WORK TO BE COMPLETED
Output the whole listing exactly, except for the pictures in it.

RECORDED DATA
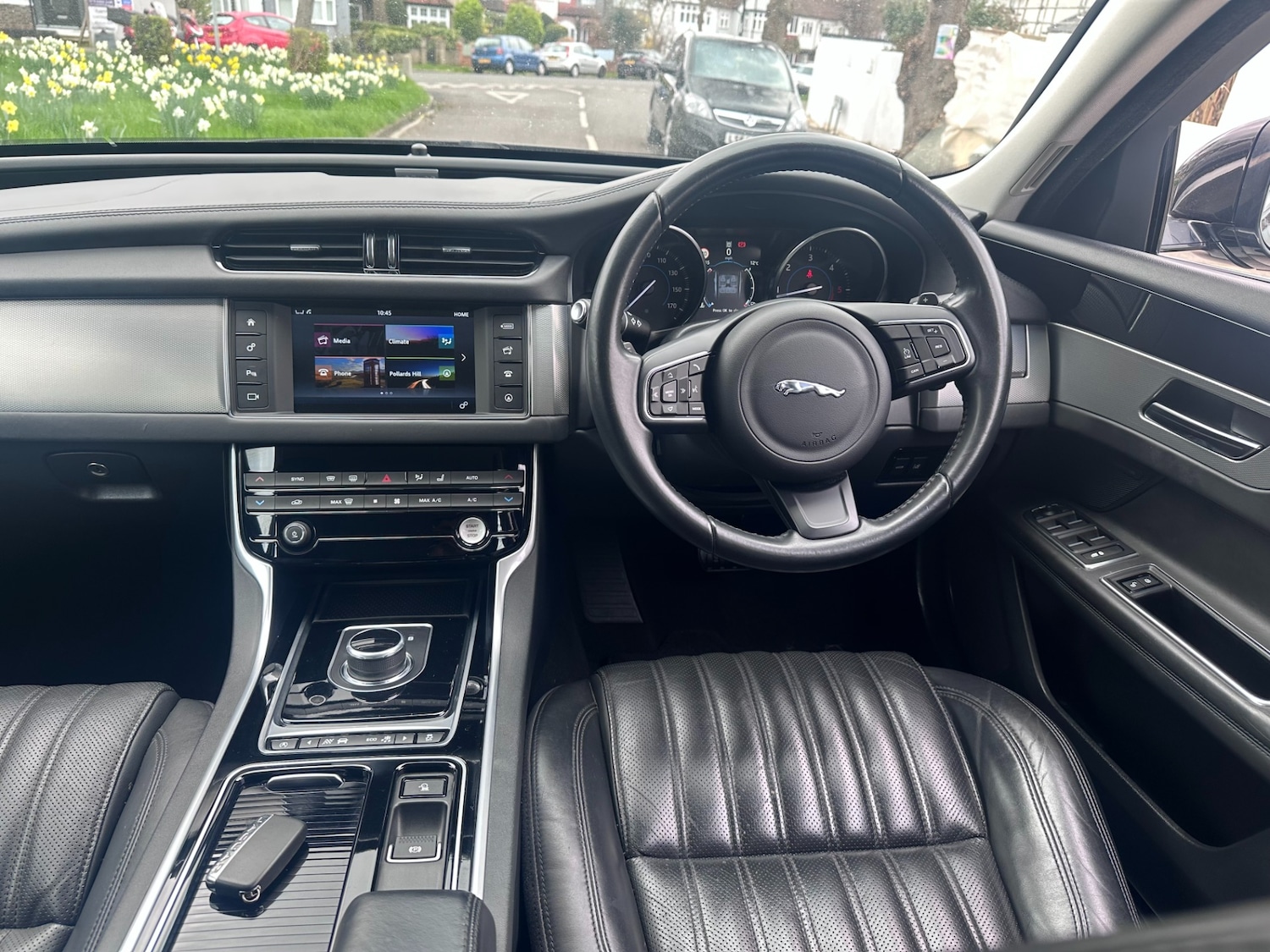 Used Jaguar XF 2016 for sale - 77678902: Photo 14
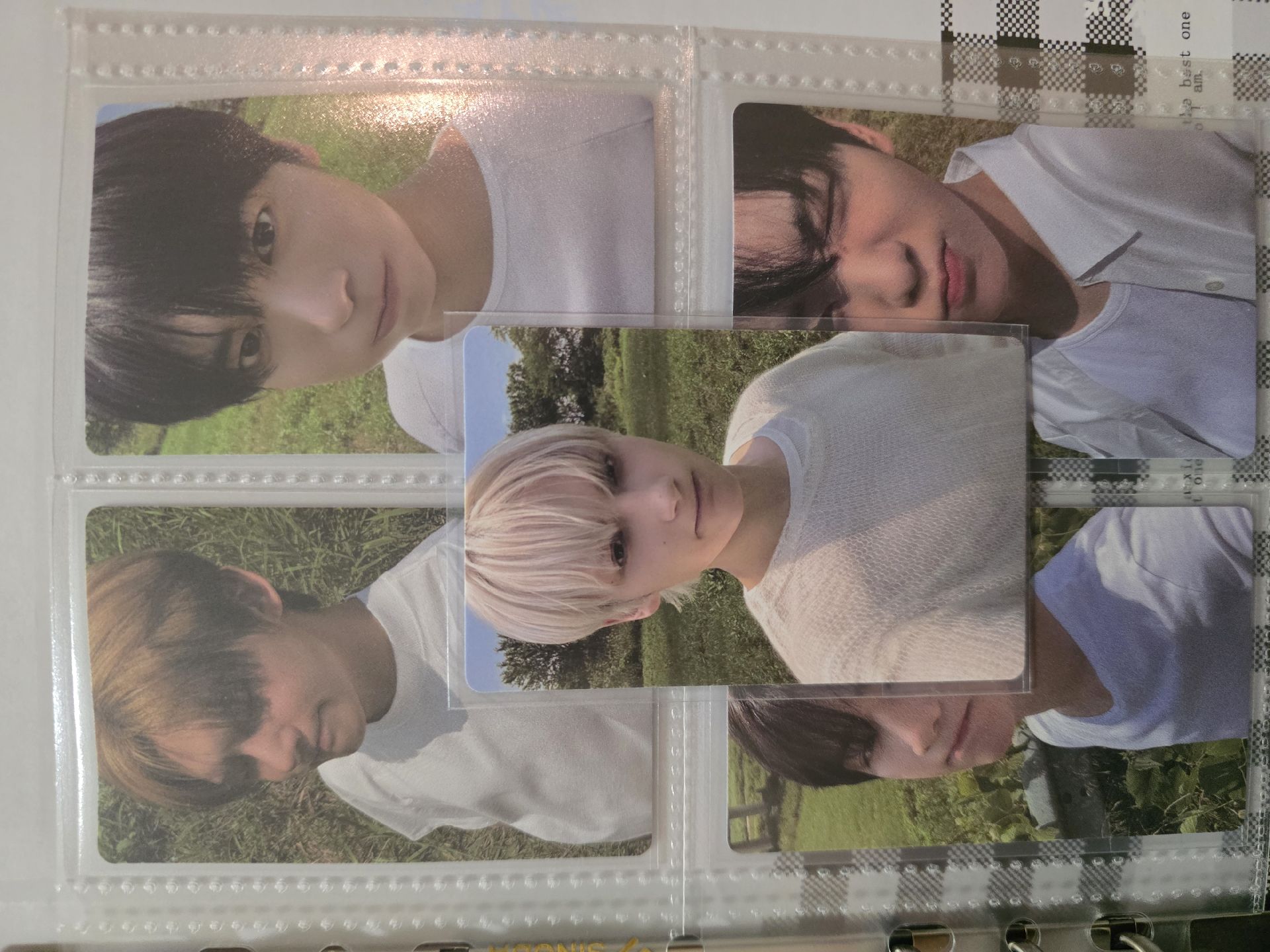 sc特典（套出）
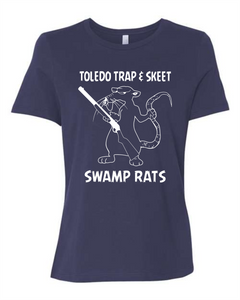 Swamp Rat Womens V-neck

RESPONSE TO THIS TASK
 Used Jaguar XF 2016 for sale - 77678902: Photo 14
 sc特典（套出）
 Swamp Rat Womens V-neck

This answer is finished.